My eyes fell on a picture. Clarissa must've been around five. Her eyes twinkled with childish glee and innocence, free from this world's torments. The tiny mole under her left eye was ever so visible. Clarissa had buried this child deep within her when the depression took over. Was it an act of violence, rebellion, or protection? Did Clarissa forget that this child existed within her even during her final breath? Something significant shifted in me then. It was of a magnitude that I wasn't expecting. I realised that I, too, had an inner child. But I had drowned out her tiny voice mercilessly. Now, I had a responsibility to fulfill, for Clarissa and myself. I had been granted a second chance to make it right. I just needed to believe, radically. A sudden desire to live fiercely for the sake of someone else took root in me. 

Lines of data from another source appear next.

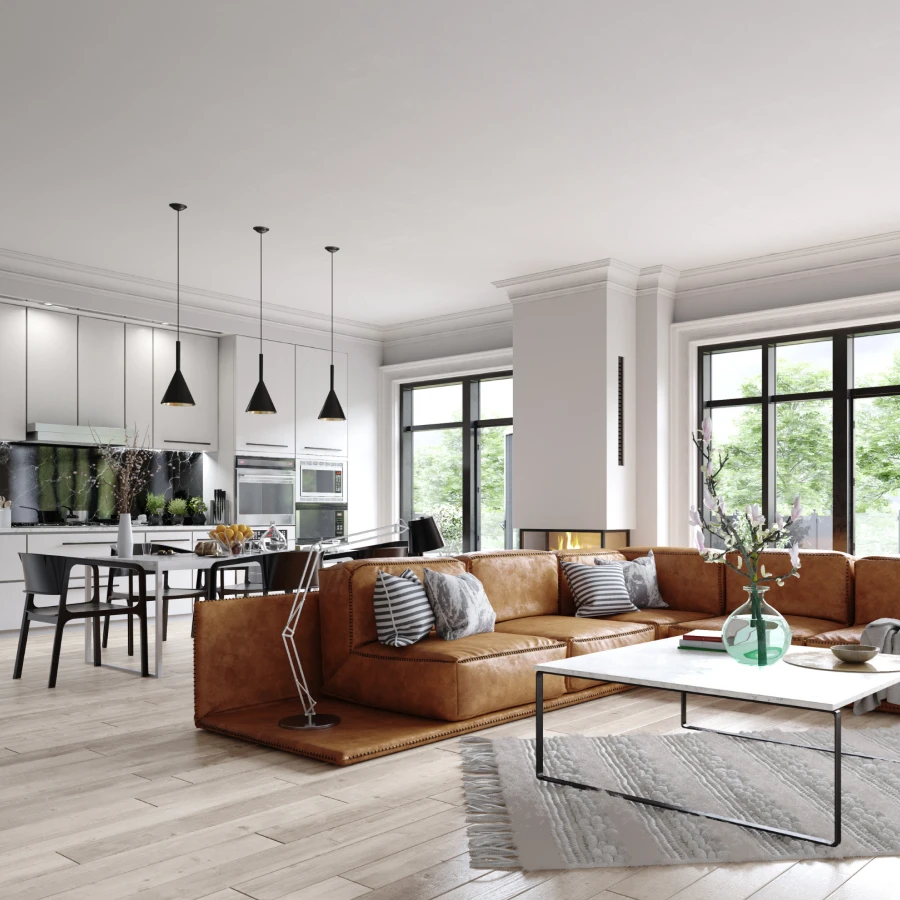 major remodeling modern living room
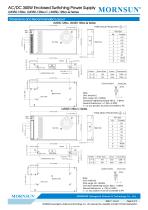 MORNSUN 350W AC/DC Enclosed SMPS LM350-12Bxx - 4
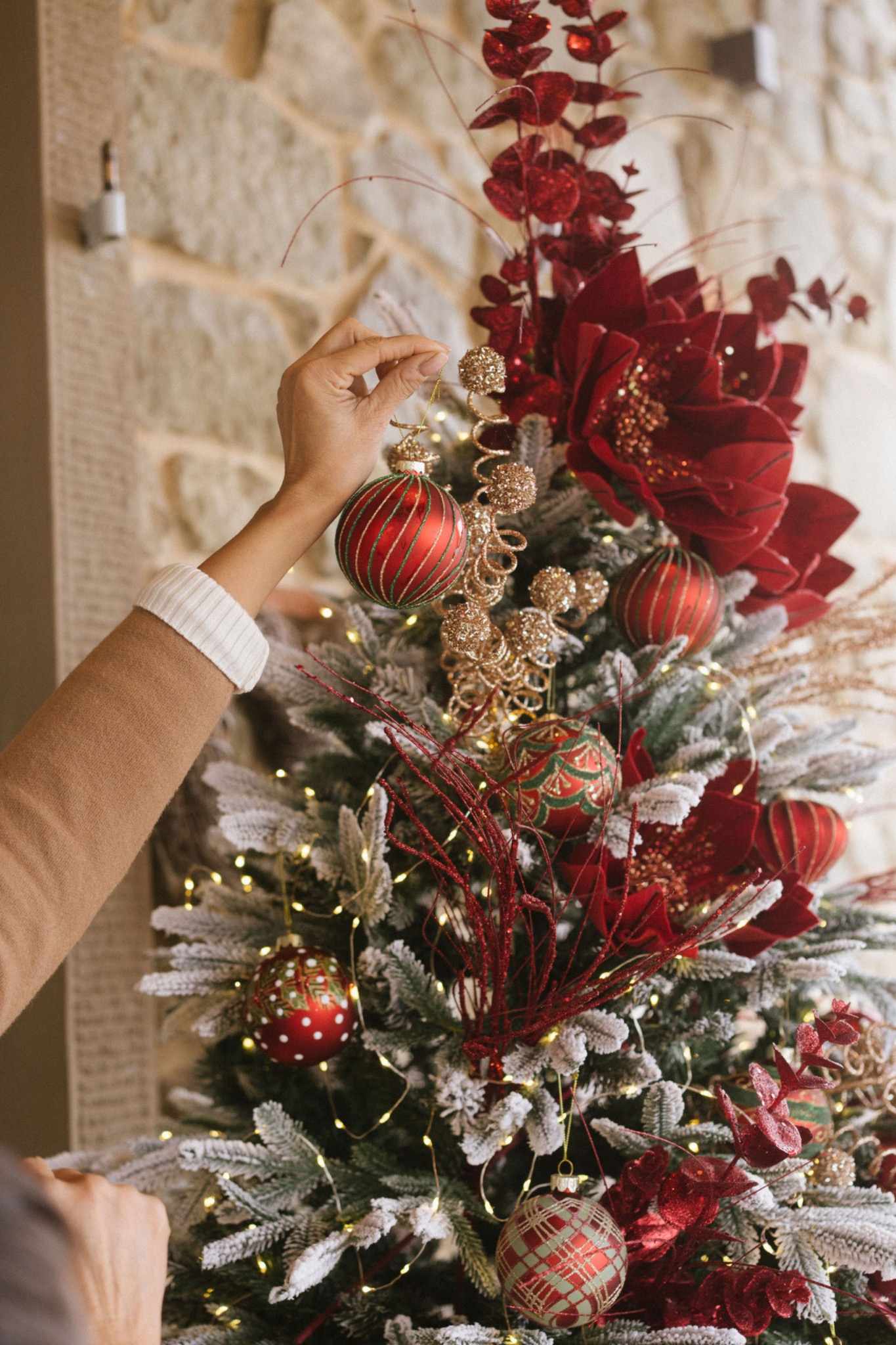 Sfere e decorazioni per l'albero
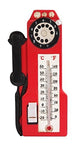 PTC 7 Inch Red Old Style Telephone Wall Thermometer Statue Figurine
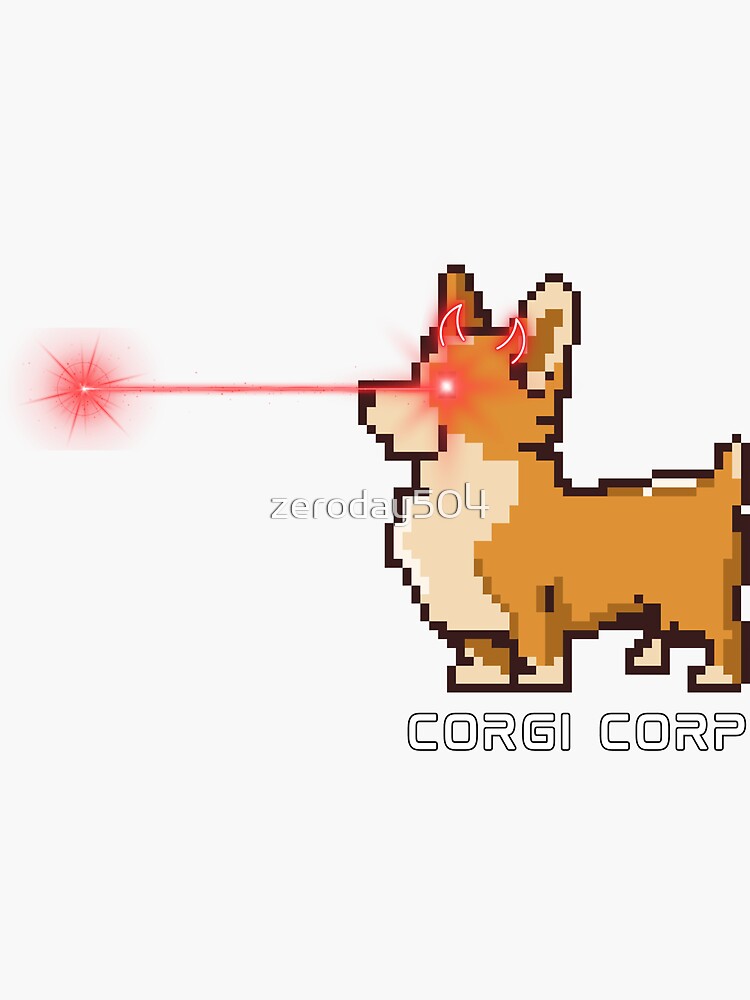 Thumbnail 3 of 3, Sticker, Corgi Corp Red Team designed and sold by zeroday504.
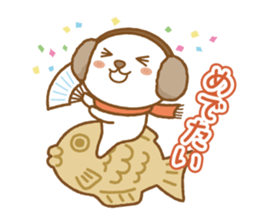 fluffy earmuffs dog sticker #8227546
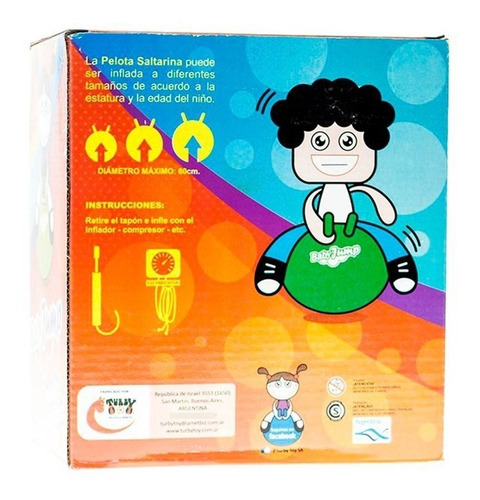 Imagen 5 de 5 de Pelota Saltarina Baby Jump La Original Turby Saltarin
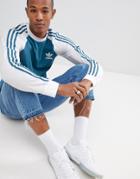 Adidas Originals Long Sleeve Top In Blue Dh5794 - Blue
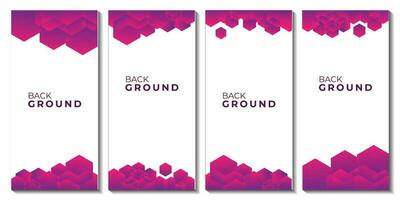 abstract geometric background purple gradient vector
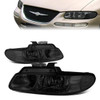 96-99 Dodge Grand Caravan Chrysler Town & Country Voyager Headlights - Smoked Housing Clear Corner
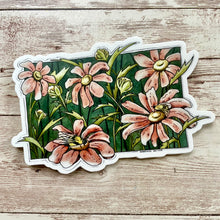 Load image into Gallery viewer, Bees on Blooms - Vinyl Sticker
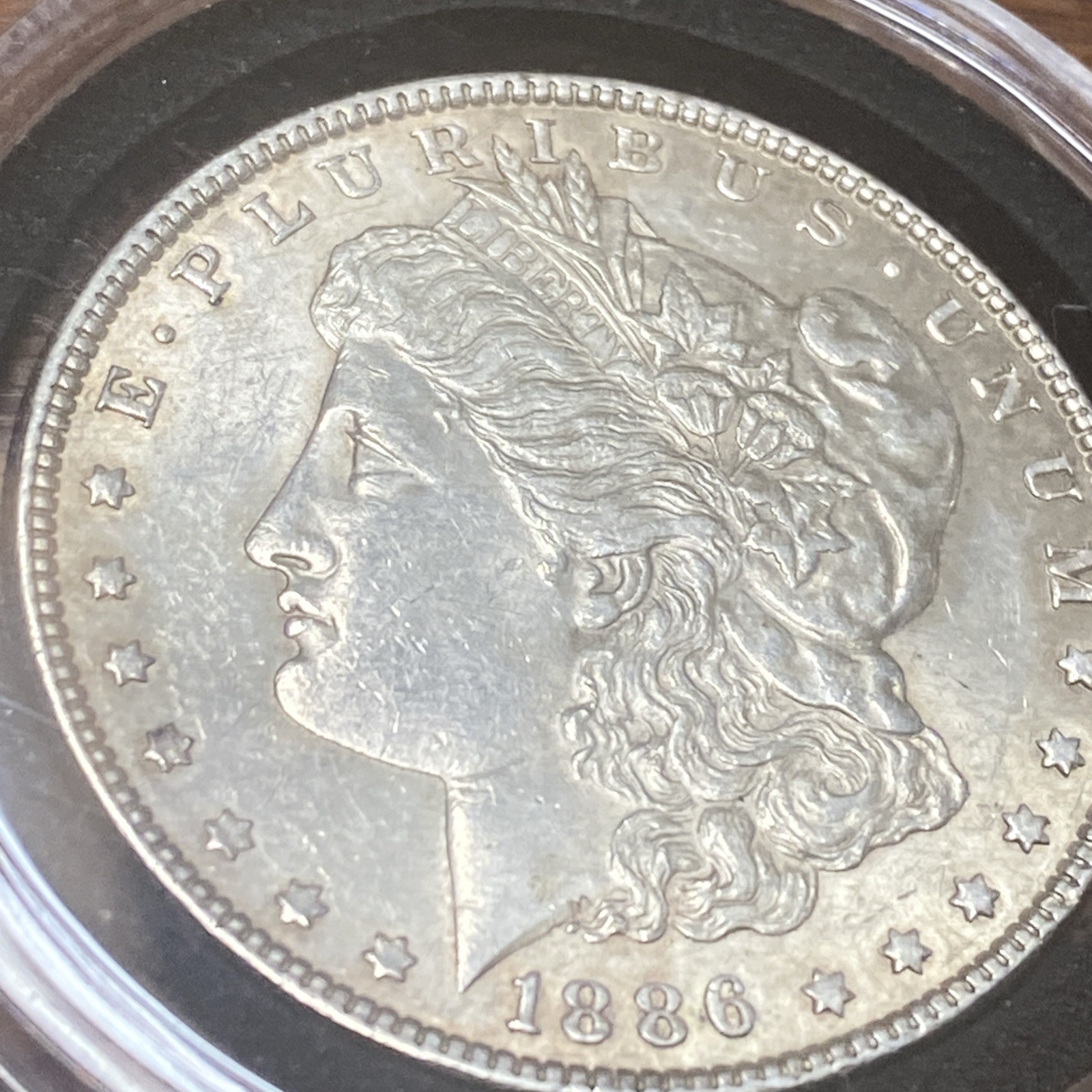 1886-P Morgan Silver Dollar Uncirculated - Nice Luster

Mira turned five two days ago. She has a mole under her left eye. Dan adores her. Meeting Dan and having Mira was the antidote I needed. Dan loves me selflessly. I had truly believed that this reality would remain a figment of my imagination. My life was a far cry from the nightmare I had envisioned for myself. We were now at a rooftop restaurant in town. Simple pleasures were big in my little family. Dan had insisted I try the tiramisu here. He liked seeing me eat well. As I excused myself to the washroom, I took in my surroundings properly. That's when it hit me. Clarissa had celebrated her 21st here. It used to be a fast-food outlet then. The interior had changed considerably. It was now a bistro-bar. As I was walking, my eyes caught sight of the terrace. Something drew me in. It cannot be.
 
I was immediately transported back to the day I woke up in the hospital. I remembered it so vividly. This was where it happened. I could not imagine standing on the ledge now. Never in a million years would I have thought that I was capable of thinking that. I checked my phone. 18 November 2028. Exactly ten years since Clarissa passed. We were out on her death anniversary, in this restaurant, when she was the happiest she had been, and I was only back here after I found my life's purpose. It dawned on me. I had fulfilled my promise to her. I had pushed through everything in spite of how I felt, making sure Clarissa lived through me. What I gained through this was that I actually wanted to live. My breath hitched in my throat. I got your message, Cla.